Beyond: Our Future in Space
- Hardcover edition
- Authors: Chris Impey
- Language: English
- Subject: Space travel
- Genre: Non-fiction
- Publisher: W. W. Norton & Company
- Publication date: April 13, 2015 (hardcover)
- Publication place: United States
- Media type: Print (hardcover and paperback) and electronic
- Pages: 336
- ISBN: 978-0-393-23930-0
- Preceded by: Humble before the Void

= Beyond (book) =

Non-fiction work by Chris Impey

Beyond: Our Future in Space is a non-fiction book by astronomer and professor Chris Impey that discusses the history of space travel and the future trajectory of human exploration of space. Impey's third popular science book for Norton was published as a hardcover in 2015.

==Summary==
Beyond: Our Future in Space is a non-fiction book by astronomy professor Chris Impey on the history and future of human exploration of space. The book starts with a discussion of the human urge to explore, which led us to fan out over the Earth soon after leaving Africa. This urge may have a gene associated with it. This is followed by a recounting of the Space Race of the middle of the 20th century, driven by fierce superpower rivalry between the United States and the former Soviet Union. Early milestones in the history of space travel are summarized, along with the feats and tribulations of human (and animal) space explorers. The "club" of those who have been in Earth orbit is still very select, less than 550, compared to ten times more people who have stood on the summit of Mount Everest.

The second section of the book considered the recent doldrums of NASA, where the United States has been unable to launch an astronaut into orbit for over five years. Then it moves to the exciting new opportunities being opened up by the private space companies. Space entrepreneurs are taking risks and investing heavily in a future of Space tourism. Those highlighted include Burt Rutan, Richard Branson, Elon Musk, and Peter Diamandis. Space travel is still bound by red tape and subject to the implacable laws of physics as expressed in the rocket equation. Meanwhile, a new space race is underway among governments, as China, India, and Japan develop their technologies and programs.

Beyond then turns to the potential for living and working in space, and the place in the Solar System where we might establish a permanent base. Economic models suggest that a viable space activity can be based on recreation, scientific research, and mining. In addition, there is an enormous amount of habitable real estate revealed by discoveries of extrasolar planets, but the difficulty of traveling beyond the Solar System will keep this beyond reach for a long time. More ambitious approaches include terraforming, where an entire planet or moon is altered to allow human habitation.

The final section of the book turns to the far future, where we might one day leave the planet and the Solar System. This will require ambitious new propulsion systems, capable of accelerating a payload to a few percent of the speed of light. The potential of exploration by sentient nanobots is considered, along with the obstacles to achieving teleportation. At the end of the book, the prospects of finding intelligent, technological civilizations elsewhere are discussed. Based on recent estimated of 20 billion habitable worlds in the Milky Way, it's likely that such civilizations exist and some of them are likely to have developed capabilities far beyond our own.

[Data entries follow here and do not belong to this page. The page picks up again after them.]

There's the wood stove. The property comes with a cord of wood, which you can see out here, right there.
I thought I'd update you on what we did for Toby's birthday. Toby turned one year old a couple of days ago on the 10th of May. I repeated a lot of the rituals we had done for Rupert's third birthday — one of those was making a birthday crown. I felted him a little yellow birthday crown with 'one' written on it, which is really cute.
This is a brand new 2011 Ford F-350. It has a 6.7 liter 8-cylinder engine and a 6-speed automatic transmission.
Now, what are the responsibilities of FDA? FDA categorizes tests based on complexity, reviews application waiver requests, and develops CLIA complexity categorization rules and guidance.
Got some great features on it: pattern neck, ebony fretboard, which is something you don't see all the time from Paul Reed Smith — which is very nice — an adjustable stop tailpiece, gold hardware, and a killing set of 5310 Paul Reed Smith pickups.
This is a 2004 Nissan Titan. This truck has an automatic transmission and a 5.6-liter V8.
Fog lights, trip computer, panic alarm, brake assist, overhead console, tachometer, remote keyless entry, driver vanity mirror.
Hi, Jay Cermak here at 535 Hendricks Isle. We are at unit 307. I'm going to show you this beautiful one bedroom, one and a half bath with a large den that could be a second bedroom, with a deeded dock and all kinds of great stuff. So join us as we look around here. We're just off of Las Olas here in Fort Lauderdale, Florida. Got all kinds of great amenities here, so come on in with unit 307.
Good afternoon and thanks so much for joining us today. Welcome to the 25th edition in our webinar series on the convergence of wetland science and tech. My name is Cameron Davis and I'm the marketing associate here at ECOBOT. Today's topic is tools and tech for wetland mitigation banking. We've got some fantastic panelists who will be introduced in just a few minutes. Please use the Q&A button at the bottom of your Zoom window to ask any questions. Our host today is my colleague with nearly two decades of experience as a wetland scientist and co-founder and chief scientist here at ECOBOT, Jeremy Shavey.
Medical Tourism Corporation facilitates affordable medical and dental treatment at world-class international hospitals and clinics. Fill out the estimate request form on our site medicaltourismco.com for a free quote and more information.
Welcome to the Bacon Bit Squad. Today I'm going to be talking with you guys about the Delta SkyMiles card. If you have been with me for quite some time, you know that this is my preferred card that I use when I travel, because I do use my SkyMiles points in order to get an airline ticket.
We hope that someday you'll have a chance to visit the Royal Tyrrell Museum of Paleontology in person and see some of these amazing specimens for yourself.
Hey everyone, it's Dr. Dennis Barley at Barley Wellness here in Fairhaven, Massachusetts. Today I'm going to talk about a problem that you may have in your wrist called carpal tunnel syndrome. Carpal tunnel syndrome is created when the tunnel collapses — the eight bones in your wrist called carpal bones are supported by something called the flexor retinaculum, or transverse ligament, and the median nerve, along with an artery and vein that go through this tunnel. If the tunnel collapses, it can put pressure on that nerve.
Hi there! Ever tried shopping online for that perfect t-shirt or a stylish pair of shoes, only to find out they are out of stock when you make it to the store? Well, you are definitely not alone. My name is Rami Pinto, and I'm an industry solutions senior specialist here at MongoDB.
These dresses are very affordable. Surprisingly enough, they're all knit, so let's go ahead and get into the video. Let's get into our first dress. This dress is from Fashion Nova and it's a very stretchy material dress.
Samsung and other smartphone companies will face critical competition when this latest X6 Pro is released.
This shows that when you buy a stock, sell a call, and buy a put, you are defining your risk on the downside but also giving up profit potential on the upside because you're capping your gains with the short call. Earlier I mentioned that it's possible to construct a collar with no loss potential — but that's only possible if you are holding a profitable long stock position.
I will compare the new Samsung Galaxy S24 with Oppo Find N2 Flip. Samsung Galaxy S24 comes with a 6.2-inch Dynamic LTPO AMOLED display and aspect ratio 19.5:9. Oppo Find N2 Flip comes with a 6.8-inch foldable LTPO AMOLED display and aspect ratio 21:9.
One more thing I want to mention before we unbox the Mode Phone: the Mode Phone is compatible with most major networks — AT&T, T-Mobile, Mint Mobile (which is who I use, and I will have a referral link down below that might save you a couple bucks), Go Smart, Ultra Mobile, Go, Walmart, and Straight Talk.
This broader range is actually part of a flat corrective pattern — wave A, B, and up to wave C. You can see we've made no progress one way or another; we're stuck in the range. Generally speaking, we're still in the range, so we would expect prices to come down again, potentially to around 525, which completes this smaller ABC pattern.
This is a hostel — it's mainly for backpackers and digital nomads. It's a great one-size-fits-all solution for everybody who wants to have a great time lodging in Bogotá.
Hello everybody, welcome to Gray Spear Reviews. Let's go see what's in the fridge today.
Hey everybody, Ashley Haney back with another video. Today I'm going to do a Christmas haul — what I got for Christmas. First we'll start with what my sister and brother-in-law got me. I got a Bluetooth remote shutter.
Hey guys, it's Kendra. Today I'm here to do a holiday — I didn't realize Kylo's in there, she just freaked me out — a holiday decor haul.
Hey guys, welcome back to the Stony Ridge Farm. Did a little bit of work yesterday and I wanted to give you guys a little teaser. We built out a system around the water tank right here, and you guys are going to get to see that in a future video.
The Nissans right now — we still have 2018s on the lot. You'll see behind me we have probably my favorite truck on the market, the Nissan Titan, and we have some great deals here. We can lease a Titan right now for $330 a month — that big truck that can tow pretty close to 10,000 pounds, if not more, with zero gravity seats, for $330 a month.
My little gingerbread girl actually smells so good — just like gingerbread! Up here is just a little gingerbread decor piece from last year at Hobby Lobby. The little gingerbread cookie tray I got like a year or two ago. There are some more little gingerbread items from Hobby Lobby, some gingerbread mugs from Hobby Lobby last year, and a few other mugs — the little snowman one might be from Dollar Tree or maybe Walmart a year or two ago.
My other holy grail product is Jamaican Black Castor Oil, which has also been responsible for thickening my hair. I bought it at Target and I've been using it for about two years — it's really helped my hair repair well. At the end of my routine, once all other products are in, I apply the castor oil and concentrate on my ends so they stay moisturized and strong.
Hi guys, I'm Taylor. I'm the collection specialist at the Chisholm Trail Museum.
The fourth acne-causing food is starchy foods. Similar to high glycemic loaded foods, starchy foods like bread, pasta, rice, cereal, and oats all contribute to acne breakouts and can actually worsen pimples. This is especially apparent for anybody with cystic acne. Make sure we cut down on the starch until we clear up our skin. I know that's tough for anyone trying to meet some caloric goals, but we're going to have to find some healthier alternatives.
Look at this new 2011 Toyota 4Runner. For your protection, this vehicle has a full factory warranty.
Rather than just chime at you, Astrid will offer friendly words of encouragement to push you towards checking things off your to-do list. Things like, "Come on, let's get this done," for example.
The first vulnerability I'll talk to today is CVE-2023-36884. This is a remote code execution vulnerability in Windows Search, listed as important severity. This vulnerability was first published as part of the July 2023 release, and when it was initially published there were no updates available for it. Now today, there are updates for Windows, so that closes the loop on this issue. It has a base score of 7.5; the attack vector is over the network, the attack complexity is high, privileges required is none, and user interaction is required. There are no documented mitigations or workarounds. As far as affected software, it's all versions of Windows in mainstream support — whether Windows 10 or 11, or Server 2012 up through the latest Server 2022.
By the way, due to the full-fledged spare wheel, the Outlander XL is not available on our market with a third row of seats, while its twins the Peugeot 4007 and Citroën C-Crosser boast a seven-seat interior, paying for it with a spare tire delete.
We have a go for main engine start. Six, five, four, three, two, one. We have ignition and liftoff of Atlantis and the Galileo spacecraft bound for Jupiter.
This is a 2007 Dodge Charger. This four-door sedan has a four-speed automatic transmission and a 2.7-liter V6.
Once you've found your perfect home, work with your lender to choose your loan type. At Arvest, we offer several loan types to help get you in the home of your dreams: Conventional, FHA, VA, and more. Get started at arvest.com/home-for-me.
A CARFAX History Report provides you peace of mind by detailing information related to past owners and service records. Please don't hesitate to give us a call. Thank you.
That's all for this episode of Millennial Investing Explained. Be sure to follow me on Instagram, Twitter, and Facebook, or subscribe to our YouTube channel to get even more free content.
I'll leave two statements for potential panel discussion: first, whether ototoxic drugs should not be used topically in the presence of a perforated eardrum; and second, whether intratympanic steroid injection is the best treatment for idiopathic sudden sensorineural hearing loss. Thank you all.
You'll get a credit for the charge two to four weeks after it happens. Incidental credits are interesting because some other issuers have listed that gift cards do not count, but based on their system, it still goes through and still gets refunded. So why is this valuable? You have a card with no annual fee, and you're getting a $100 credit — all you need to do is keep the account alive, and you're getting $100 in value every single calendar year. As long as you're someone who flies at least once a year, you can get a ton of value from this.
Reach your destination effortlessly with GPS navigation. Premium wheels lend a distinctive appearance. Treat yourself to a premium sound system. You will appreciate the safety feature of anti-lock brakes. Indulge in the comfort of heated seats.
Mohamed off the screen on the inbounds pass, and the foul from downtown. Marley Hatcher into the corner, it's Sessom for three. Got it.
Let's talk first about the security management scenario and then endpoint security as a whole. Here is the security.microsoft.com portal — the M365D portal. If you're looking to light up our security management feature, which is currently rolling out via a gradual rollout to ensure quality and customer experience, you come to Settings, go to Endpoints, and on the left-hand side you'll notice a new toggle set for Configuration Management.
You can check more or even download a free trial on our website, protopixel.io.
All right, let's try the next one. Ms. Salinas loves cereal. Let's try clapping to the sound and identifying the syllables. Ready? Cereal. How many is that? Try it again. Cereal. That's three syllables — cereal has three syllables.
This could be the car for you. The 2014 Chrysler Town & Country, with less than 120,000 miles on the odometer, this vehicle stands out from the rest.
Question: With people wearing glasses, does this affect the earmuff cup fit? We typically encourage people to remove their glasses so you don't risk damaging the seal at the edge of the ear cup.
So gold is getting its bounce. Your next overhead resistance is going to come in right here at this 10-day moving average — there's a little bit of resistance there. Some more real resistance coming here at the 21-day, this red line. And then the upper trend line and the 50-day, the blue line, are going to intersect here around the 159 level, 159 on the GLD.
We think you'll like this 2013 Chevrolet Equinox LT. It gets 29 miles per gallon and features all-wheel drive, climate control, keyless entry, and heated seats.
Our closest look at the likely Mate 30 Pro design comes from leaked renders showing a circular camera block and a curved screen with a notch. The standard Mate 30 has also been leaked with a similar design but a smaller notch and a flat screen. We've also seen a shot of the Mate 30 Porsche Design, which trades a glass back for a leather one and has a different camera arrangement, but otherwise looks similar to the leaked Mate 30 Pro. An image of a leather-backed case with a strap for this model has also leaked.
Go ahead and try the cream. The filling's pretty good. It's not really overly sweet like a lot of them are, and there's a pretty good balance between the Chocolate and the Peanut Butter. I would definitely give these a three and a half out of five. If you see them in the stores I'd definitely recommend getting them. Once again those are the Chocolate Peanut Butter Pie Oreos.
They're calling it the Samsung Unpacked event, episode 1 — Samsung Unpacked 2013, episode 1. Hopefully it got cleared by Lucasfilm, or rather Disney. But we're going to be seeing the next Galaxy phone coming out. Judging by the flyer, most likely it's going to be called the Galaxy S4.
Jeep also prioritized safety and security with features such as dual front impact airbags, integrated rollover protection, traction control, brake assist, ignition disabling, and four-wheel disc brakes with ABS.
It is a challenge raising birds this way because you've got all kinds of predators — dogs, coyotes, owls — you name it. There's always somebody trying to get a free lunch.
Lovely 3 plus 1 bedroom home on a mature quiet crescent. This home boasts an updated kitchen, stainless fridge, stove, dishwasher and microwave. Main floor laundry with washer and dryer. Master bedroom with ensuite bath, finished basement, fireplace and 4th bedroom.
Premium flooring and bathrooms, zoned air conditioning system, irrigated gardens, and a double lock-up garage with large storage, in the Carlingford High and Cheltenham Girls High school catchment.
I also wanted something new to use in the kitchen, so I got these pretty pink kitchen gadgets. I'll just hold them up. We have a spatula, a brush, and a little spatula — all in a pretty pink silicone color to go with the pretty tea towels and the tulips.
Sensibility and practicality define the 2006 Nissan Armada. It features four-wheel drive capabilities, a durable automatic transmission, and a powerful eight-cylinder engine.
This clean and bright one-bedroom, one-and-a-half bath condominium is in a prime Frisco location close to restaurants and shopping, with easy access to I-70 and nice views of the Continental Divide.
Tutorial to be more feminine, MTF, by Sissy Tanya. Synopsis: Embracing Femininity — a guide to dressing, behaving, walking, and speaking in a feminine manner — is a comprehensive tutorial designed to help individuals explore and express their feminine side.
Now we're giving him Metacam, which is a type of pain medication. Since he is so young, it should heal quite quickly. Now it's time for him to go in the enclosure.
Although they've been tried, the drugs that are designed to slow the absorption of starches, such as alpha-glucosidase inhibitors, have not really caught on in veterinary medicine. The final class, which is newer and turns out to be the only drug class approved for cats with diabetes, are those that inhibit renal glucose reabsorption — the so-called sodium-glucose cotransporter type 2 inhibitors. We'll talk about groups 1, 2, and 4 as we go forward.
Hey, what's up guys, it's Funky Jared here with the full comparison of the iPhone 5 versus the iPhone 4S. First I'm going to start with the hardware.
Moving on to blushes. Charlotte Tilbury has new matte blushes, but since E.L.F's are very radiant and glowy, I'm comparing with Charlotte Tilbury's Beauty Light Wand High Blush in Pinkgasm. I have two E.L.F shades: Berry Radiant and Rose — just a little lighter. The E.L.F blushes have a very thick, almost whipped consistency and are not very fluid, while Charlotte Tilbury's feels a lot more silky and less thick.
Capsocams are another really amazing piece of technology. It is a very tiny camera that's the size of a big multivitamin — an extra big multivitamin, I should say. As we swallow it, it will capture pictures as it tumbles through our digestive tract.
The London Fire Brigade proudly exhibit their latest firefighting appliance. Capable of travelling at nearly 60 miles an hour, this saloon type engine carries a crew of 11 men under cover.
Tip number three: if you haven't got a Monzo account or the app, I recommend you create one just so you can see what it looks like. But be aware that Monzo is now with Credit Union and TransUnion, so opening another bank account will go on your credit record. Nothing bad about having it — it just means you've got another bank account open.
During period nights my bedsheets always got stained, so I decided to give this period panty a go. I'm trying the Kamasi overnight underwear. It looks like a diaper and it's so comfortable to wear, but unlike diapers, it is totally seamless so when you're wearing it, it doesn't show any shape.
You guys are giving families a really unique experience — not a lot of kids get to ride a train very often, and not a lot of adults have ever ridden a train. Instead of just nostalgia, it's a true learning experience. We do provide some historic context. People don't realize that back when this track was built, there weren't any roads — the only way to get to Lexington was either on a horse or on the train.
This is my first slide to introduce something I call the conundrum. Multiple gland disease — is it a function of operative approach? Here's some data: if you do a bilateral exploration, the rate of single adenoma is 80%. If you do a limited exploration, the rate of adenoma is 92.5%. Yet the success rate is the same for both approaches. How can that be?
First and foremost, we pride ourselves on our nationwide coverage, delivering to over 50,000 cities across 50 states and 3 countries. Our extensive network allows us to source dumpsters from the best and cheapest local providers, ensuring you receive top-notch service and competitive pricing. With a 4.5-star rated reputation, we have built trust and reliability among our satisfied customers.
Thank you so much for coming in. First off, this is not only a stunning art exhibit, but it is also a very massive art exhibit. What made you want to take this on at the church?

We are just venturing off-world for the first time, with an exciting future in space ahead of us.

==Reception==

Beyond was a starred selection by Publishers Weekly, with a review that concludes "With vivid writing that skillfully walks the line between visionary and pragmatic, Impey finds equal opportunity for both humans and robotic explorers on a journey that could not only teach us about new worlds, but how to be better caretakers of this one." The book also had a good review in Kirkus Reviews. The Arizona NPR affiliate devoted segment to the book and a general discussion of space travel. Noted astronomer and science popularizer Neil deGrasse Tyson said "Chris Impey manages to rejuvenate the 'Space is Our Future' feeling that pervaded human culture half a century ago." Poet and write Diane Ackerman also endorsed the book, saying "Impey’s space-faring vision really shines in this captivating tour of the deepest past and the distant future. It's a marvelous book to curl up with on a starry night and let your mind roam through the halls of possibility."